Washington state law does not bar teachers from having consensual sex with 18-year-old students, an appeals court ruled Tuesday in dismissing a case against a former high school choir teacher.
The teacher, Matthew Hirschfelder, was charged with first-degree sexual misconduct with a minor for allegedly having sex with a Hoquiam High School senior in 2006. He challenged a judge's refusal to dismiss his case, arguing the student wasn't a minor because she was 18.
Hirschfelder, who was 33 at the time, also denies any sexual relationship occurred.
A three-judge panel of the Washington Court of Appeals unanimously agreed that the case should be dismissed. While the law was written vaguely, a review of legislative history shows that lawmakers only intended to criminalize contact between teachers and 16- or 17-year-old students — not those over 18, the court said.
"The name of the statute is 'sexual misconduct with a minor,'" said Hirschfelder's attorney, Rob Hill, stressing that the state recognizes that an 18-year-old is no longer a minor.
The state's code of professional conduct for teachers still prohibits any sexual advance toward or contact with pupils, whatever their age, and teachers can be fired for it. Sexual contact with students younger than 16 is considered child rape or molestation; the age of consent in Washington is 16.
Hirschfelder has not been able to work as a teacher since late 2006, when he was placed on administrative leave pending an investigation by the school board. He was arrested and charged in spring 2007, after a former choir student told police she had a monthslong affair with him that began shortly before she graduated.
His case did not go to trial because it was stayed pending the appeals court ruling, Hill said. He has been tuning pianos to make ends meet.
Grays Harbor County Prosecutor Stew Menefee did not immediately return a call from The Associated Press, but he told The Daily World newspaper of Aberdeen that he would consider appealing to the state Supreme Court.
Some state legislators are set on changing the law. On Monday, six state representatives introduced legislation that would make it a crime punishable by a mandatory minimum of five years in prison for a teacher to have sex with a student up to age 21, as long as the teacher is five years older than the student and at the same school.
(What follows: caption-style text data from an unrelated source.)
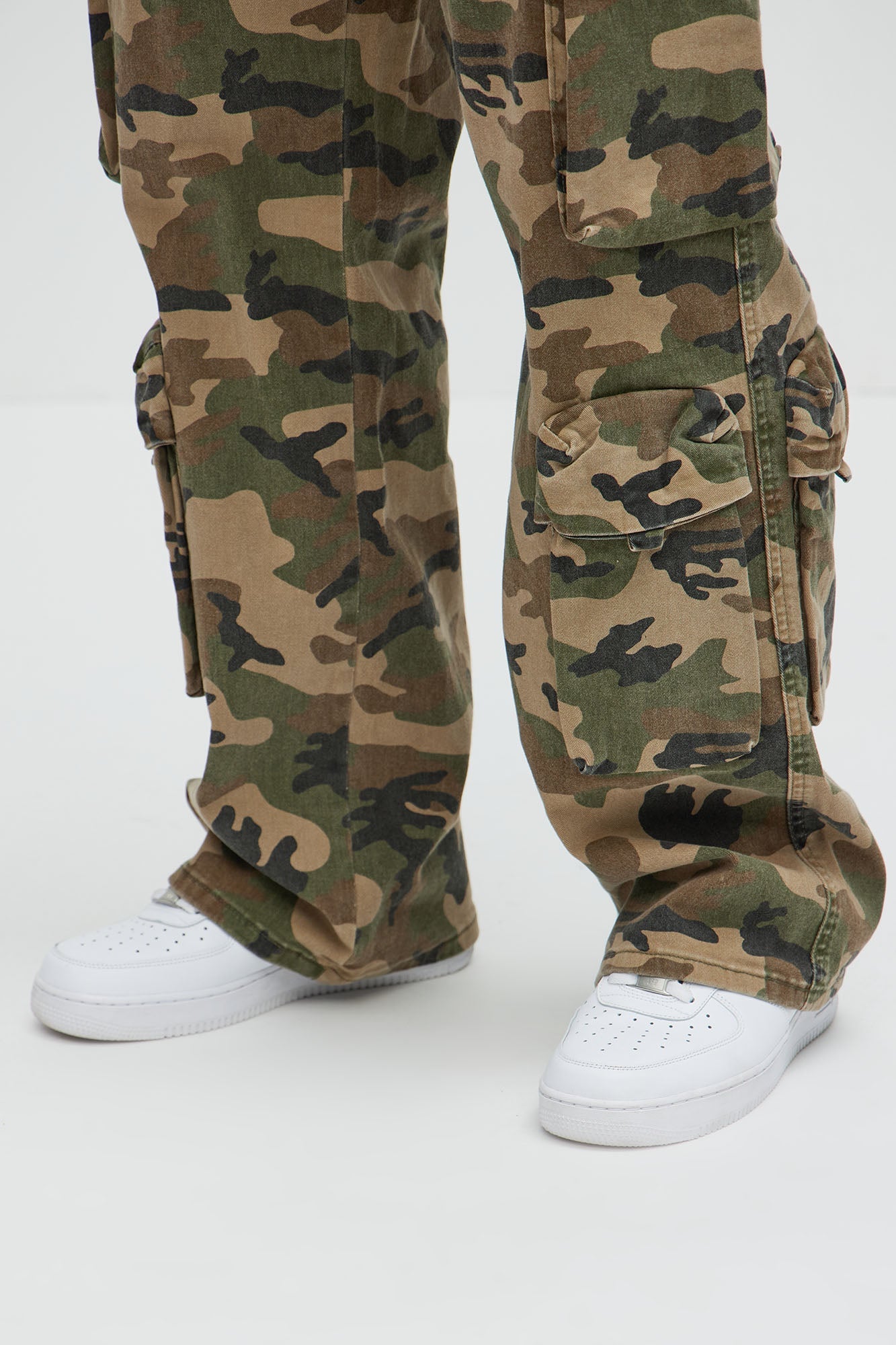 Shane Baggy Cargo Jeans - Camouflage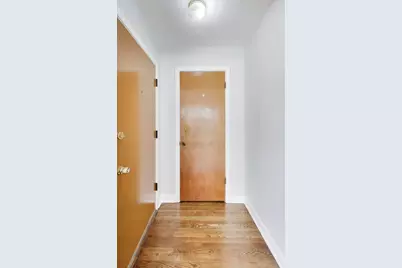 8428 McCormick Boulevard, Skokie, IL 60076 - Photo 22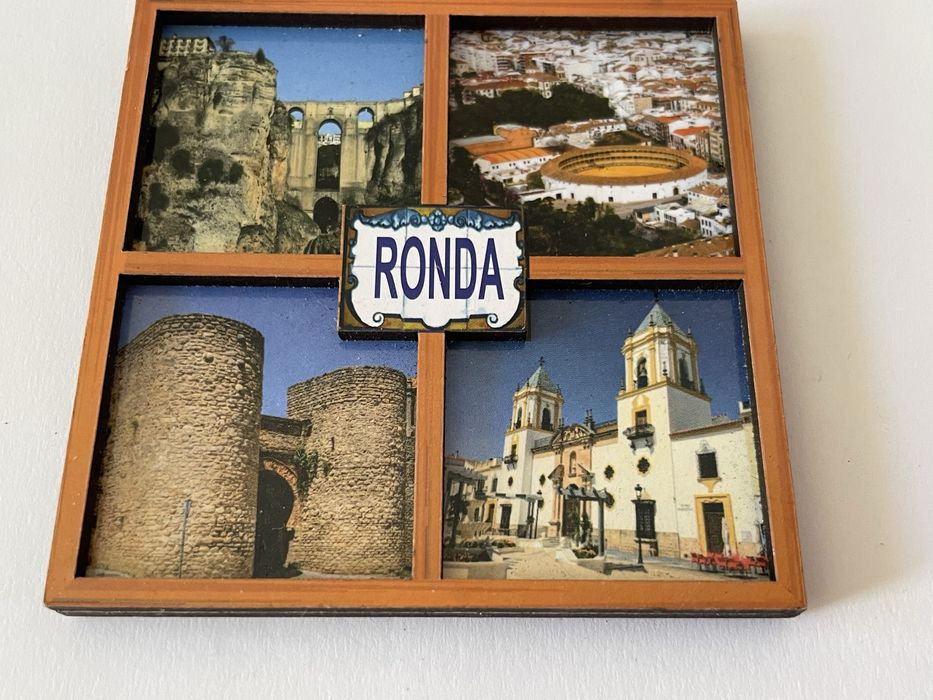 Magnes na lodowke Ronda Malaga Andaluzja Hiszpania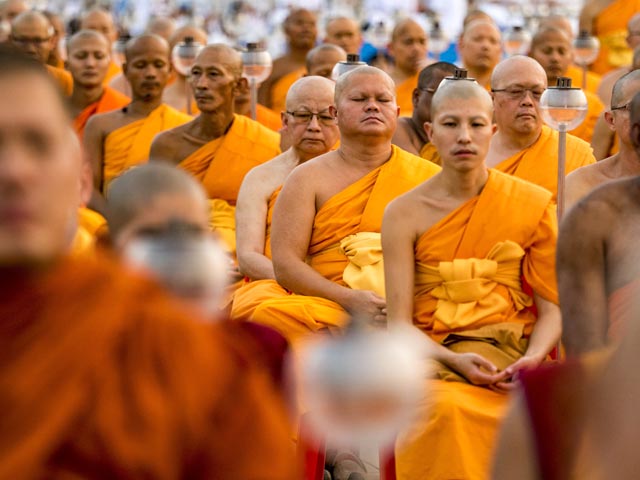 <center><b>Буддийских монахов посадят на диету</center></b>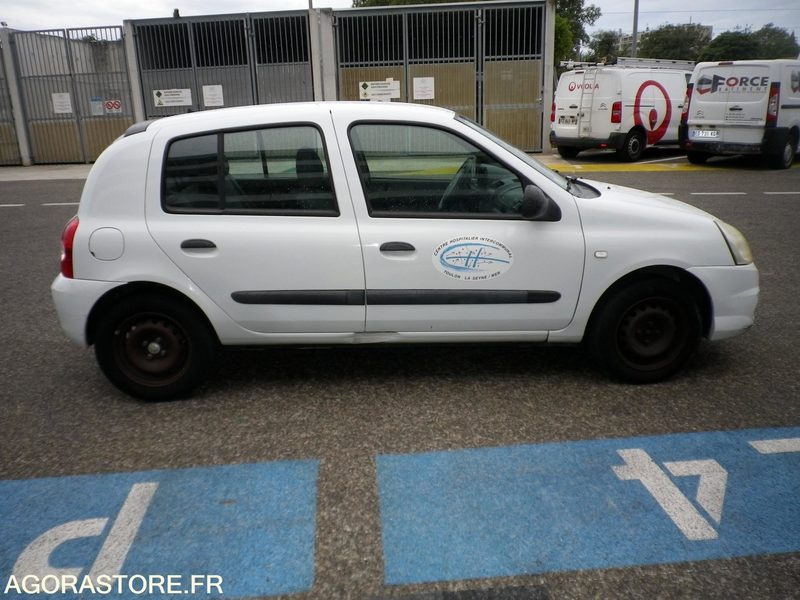 RENAULT CLIO CAMPUS 1.2 16V 75CH - Coche: foto 4 RENAULT CLIO CAMPUS 1.2 16V 75CH - Coche: foto 4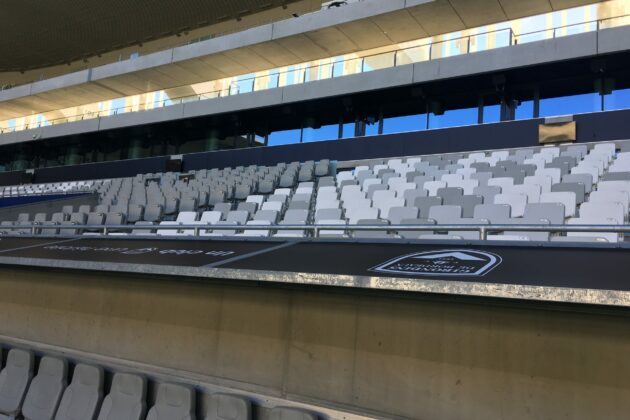 Sécurité gradin stade - support publicitaire - Inox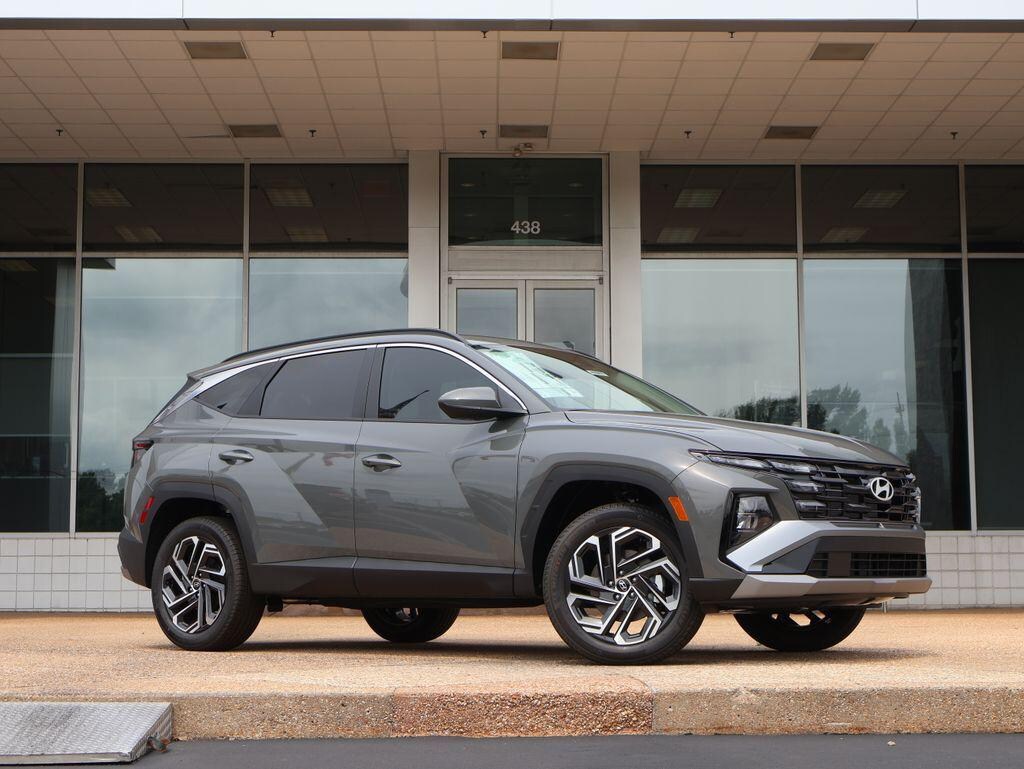 New 2026 Hyundai Tucson SEL Plus AWD SUV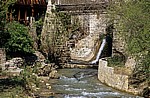 Stari Grad (Altstadt): Zufluß zur Neretva - Mostar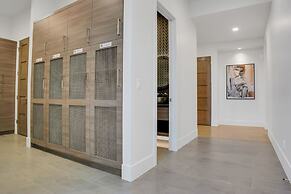 Sun Ridge Retreat 5 Bedroom Home by RedAwning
Rep. Larry Haler, R-Richland, the main sponsor of the bill, said he offered it at the request of the Richland School District, after a judge dropped a sexual misconduct charge against a Richland High School teacher because the teacher's alleged victim was 18.
"This is a real concern of mine, and with the court decision today, that just strengthens this bill," Haler said. "We need to protect our students as long as they're in our public schools, irrespective of age."